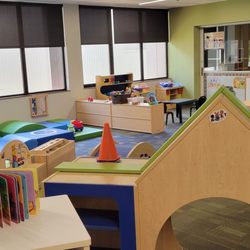 Upper Dublin Public Library - New kids section Oct 2021
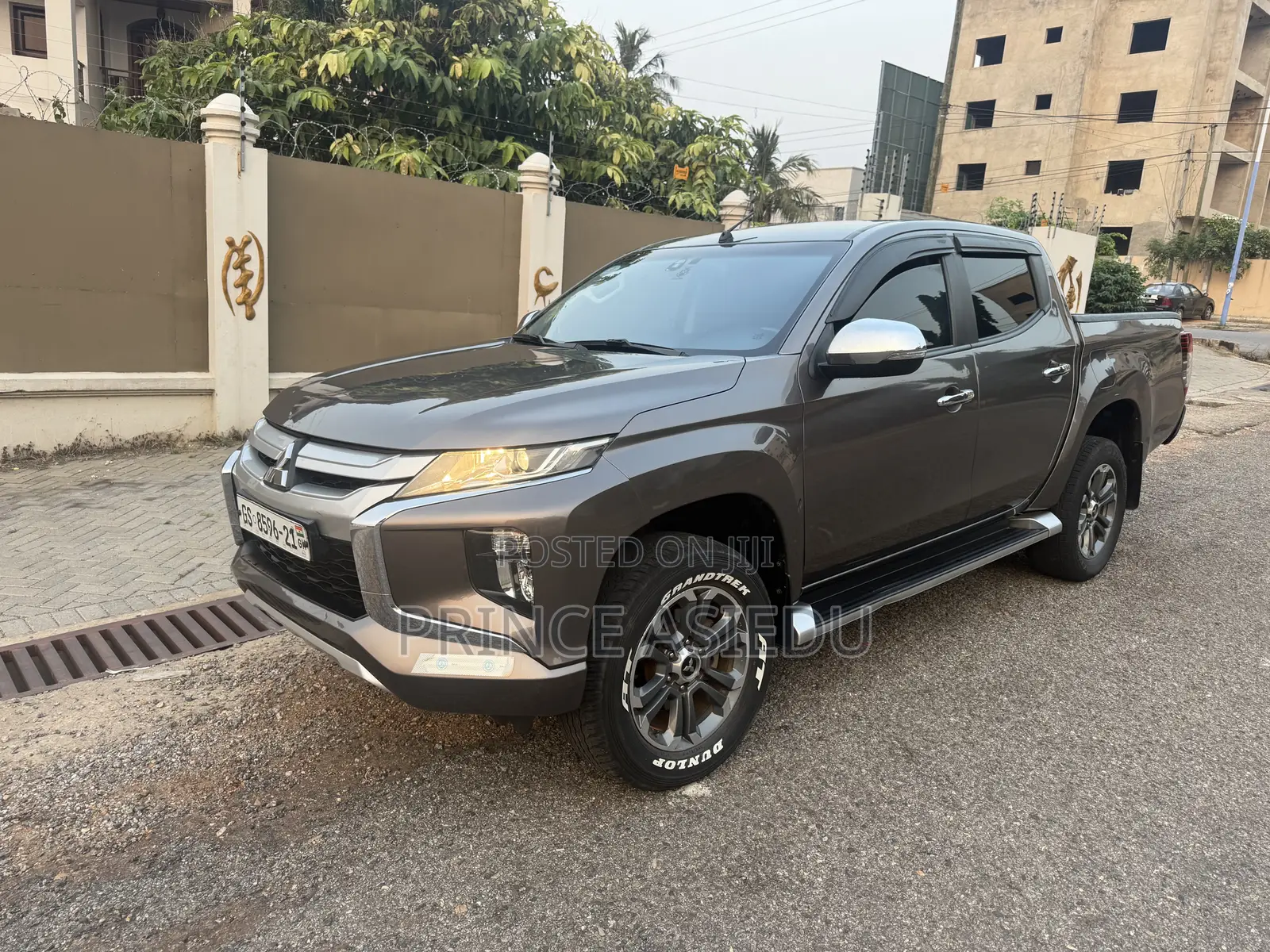 Mitsubishi L200 Sportero 2.4 Diesel 2021 Brown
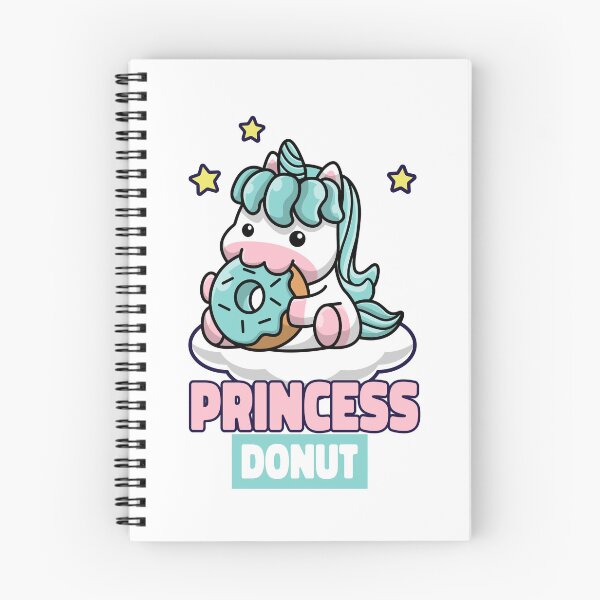 Item preview, Princess donut  designed and sold by VibeStyleShop.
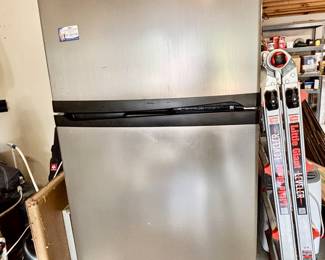 Whirlpool fridge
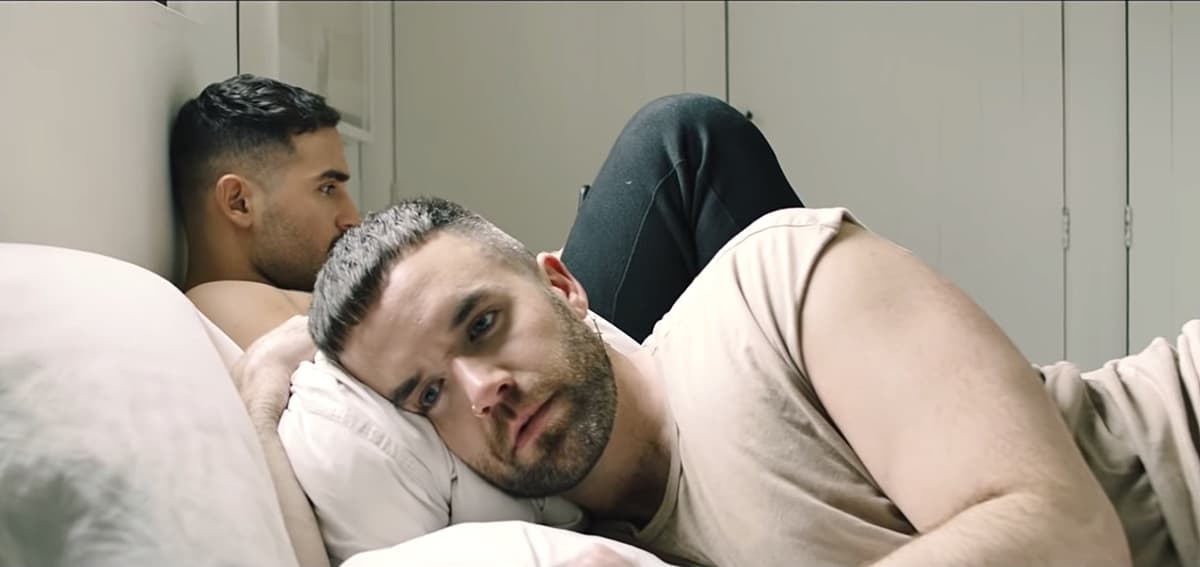 Brian Justin Crum Goes In 'Circles' With Vincent Michael In New Music Video: Watch 1 Brian Justin Crum Circles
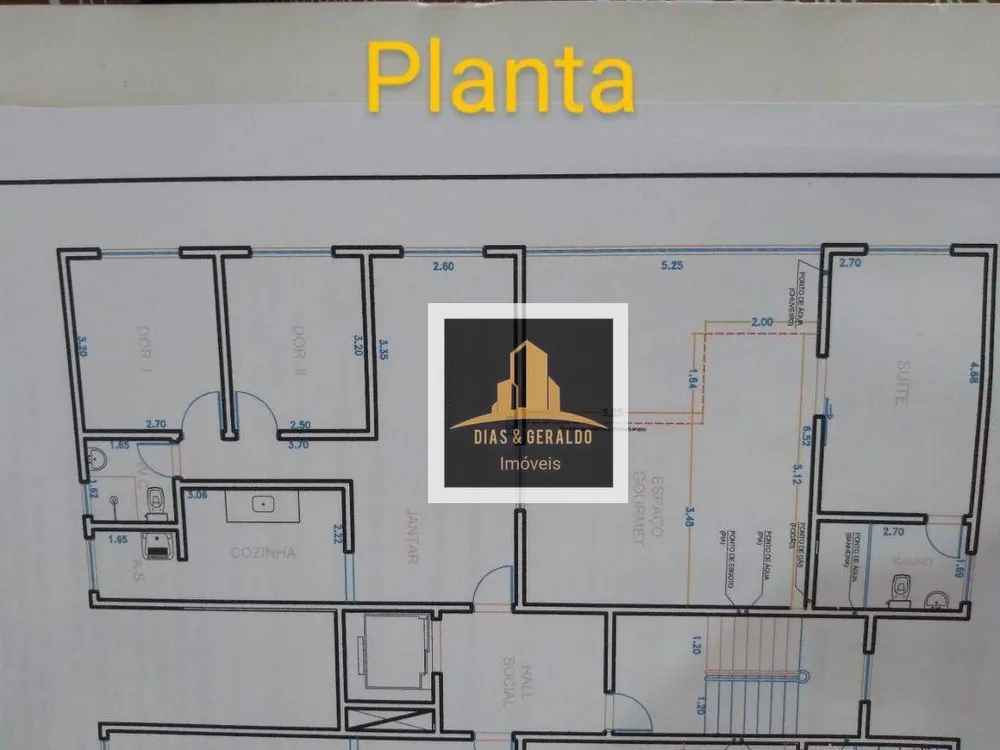 Apartamento, 3 quartos, 114 m² - Foto 6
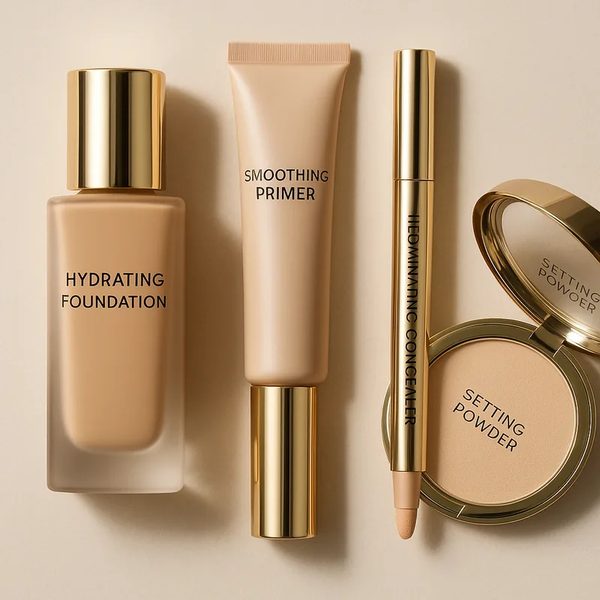 Mature Skin Makeup: Foundations & Age-Flattering Tips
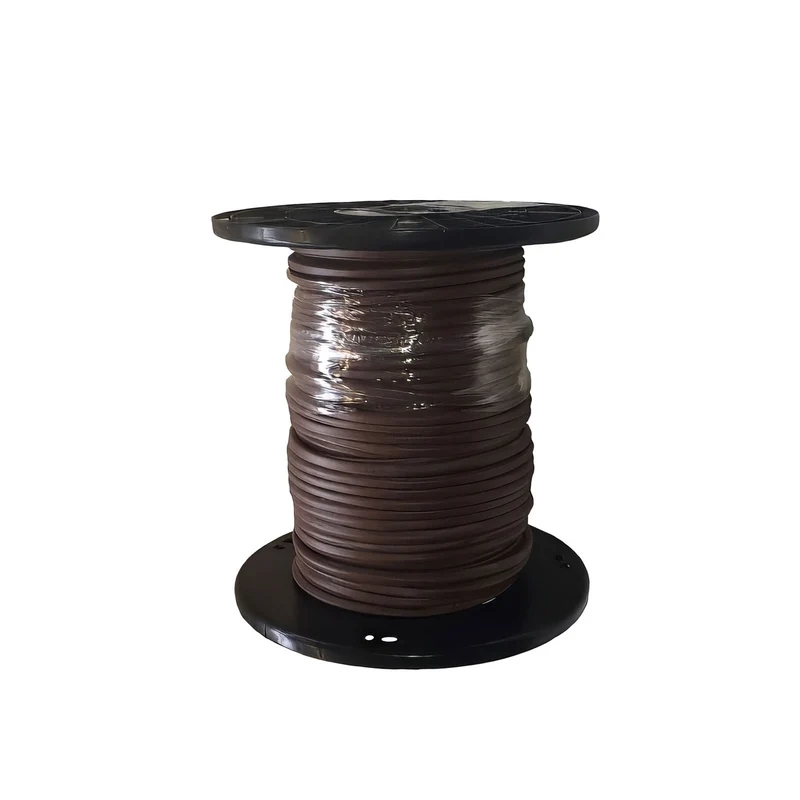 Analysis Plus Chocolate Oval Bulk Speaker Cable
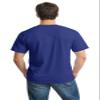 Gildan Heavy Cotton 5.3 oz. T-Shirt (G500) Pack of 2- COBALT,XL view 2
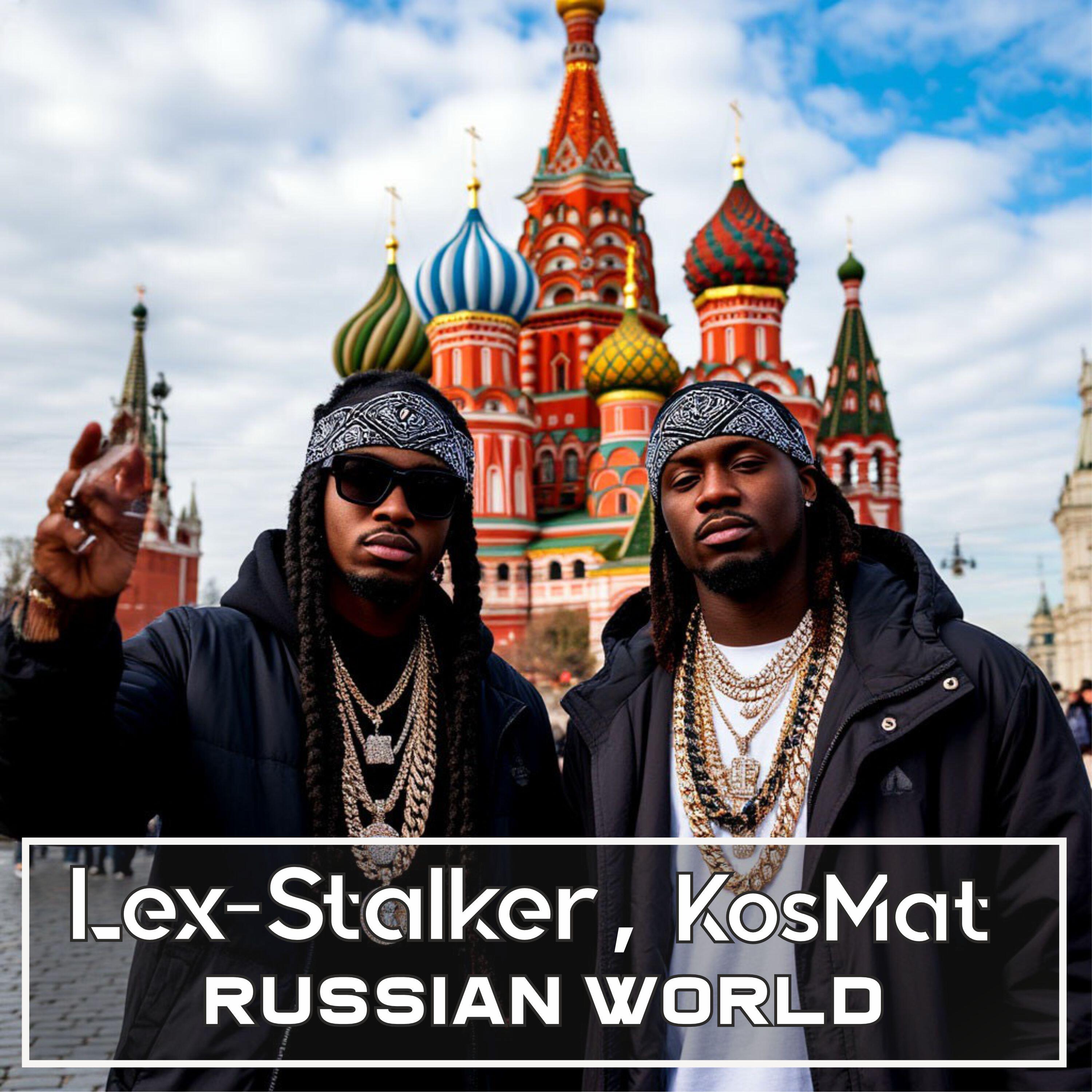 Релиз Russian World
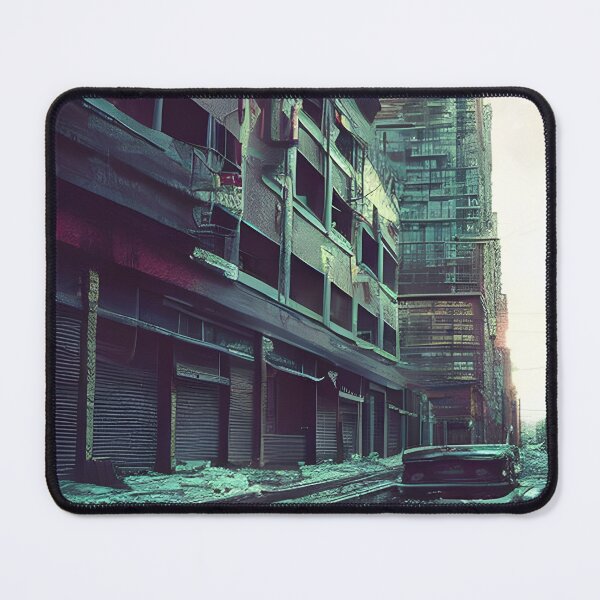 Item preview, Deserted City designed and sold by dykerphotoart.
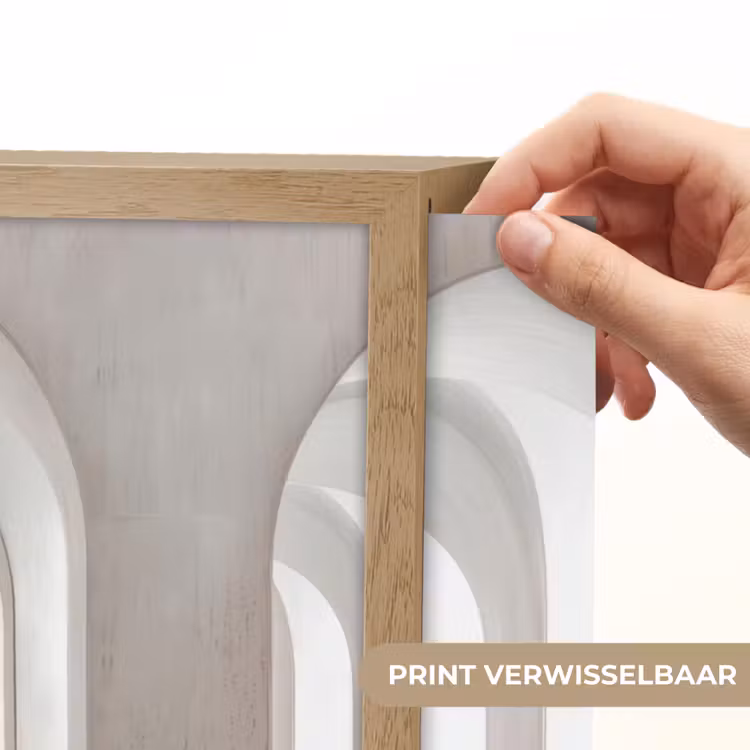 Lightbox - Wandlamp - Hal - Bogen - Symmetrisch - Modern — 5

══════

Every line from the one with "Item preview, Deserted" through the end of the material above should be restated word for word, with the pictures left out.

### SOLUTION FOR THIS EXERCISE:
 Item preview, Deserted City designed and sold by dykerphotoart.
 Lightbox - Wandlamp - Hal - Bogen - Symmetrisch - Modern — 5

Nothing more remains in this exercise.